Volgens de uitspraak is een nationale regeling wel onder voorwaarden toegestaan. Dus er kan een soort PAS blijven bestaan.
Bij elkaar betekent dit naar mijn mening, dat het systeem van “gebruiksruimte“ in het PAS, dat uitgaat van aannames en prognoses over een toekomstige daling van de stikstofdepositie, in de huidige vorm niet meer kan blijven bestaan, en kunnen vergunningen op basis van het oude PAS niet meer afgegeven worden. Uiteraard wordt de uitspraak nu door een groot aantal bureaus uitgeplozen om na te gaan of er nog wat ruimte in zit; ik denk dat dit heel moeilijk zal worden. De Raad van State zal in februari uitspraak doen in enkele honderden aangehouden beroepszaken en dan zal e.e.a. wel duidelijker worden.

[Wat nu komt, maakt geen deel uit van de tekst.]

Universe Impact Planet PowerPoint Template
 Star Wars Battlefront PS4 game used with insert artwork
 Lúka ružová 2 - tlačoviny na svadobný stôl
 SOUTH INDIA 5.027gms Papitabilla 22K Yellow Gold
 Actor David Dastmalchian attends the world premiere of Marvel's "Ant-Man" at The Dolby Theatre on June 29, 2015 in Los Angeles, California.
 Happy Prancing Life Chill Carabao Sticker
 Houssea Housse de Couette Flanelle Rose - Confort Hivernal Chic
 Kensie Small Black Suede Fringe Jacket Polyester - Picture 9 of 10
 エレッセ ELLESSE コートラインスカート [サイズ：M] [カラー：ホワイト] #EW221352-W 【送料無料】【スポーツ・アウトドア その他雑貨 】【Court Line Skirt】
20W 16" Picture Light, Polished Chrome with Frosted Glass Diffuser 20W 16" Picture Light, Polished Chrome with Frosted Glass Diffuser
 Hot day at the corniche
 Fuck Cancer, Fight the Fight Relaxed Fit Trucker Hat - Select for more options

Hoe verder? In de Trouw van 11 december stond een zeer aansprekend opiniestuk van Wallis de Vries van de Vlinderstichting, zie https://www.naturetoday.com/nature-reports. Daarin doet de Vlinderstichting een oproep om het PAS om te vormen naar een PAN, een Project Aanpak Natuurkwaliteit, en dat op te nemen in het vandaag gelanceerde Deltaplan voor de Biodiversiteit in Nederland. Een oproep die ik van harte wil ondersteunen.